In its proposals for budget 2018-19 submitted to Federal Board of Revenue (FBR), the PBC said that extra tax of two percent was levied and collected by manufacturers and importers on specified goods. On supply of these goods further tax of two percent is collection.
“Since extra tax already accounts for value addition, further tax is an irritant as this cannot be claimed as input,” the PBC said.
In order to redressing inequity in the tax regime, the PBC suggested that purchases made by registered manufacturers of the specified goods should not be subject to the extra tax or else set off should be allowed.

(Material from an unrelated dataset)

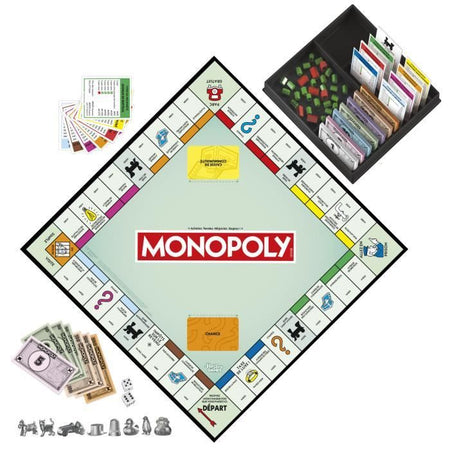 Monopoly classico, gioco da tavolo, con contenitore e pedine grandi, da 2 a 6 giocatori, versione FR, da 8 anni,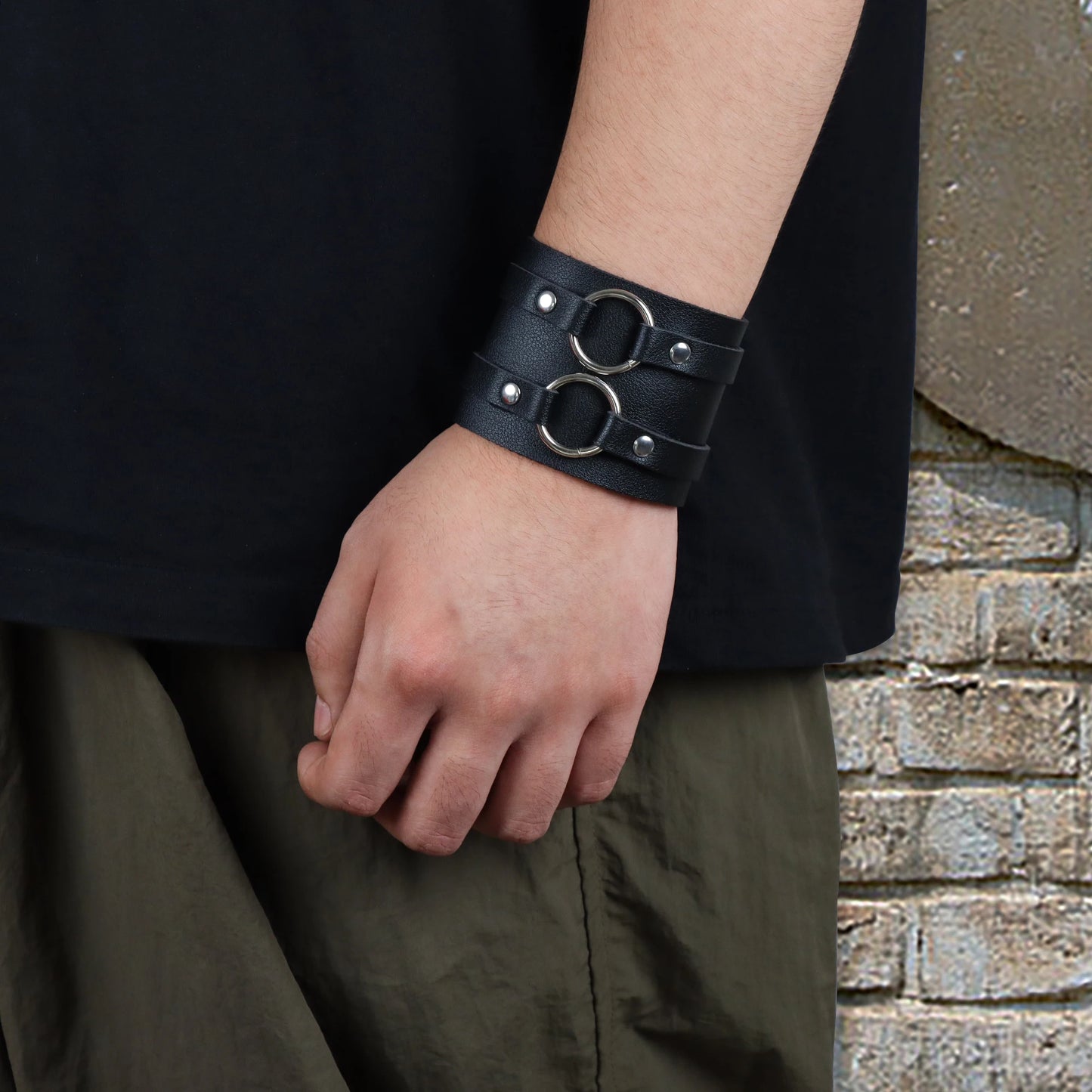 Men's Vintage Gothic Leather Wristband | Adjustable Punk Cuff Bracelet with Concealed Buckle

The PBC highlighted the issue that under Section 8(1)(ca) of Sales Tax Act, 1990, input sales tax is not allowed where tax is unpaid by supplier. Therefore, it suggested that this provision should be deleted as it has been declared unconstitutional by Lahore High Court. Also, with implementation of STRIVe this has become redundant.
Regarding redressing inequity in the tax regime, the PBC also proposed deletion of Section 5(A) of Income Tax Ordinance, 2001 under which 7.5 percent tax had been imposed on accounting profit of public companies that do not distribute 40 percent profits each year. It said that this section needs to be deleted or at least the applicability should be restricted to such companies that have not distributed dividend for immediate preceding two years.
It also highlighted that through the Finance Act, 2015, minimum turnover tax of 8 percent under Section 153 was levied on the corporate in the service sector. This is making the services sector as wel as the recipients of these services uncompetitive.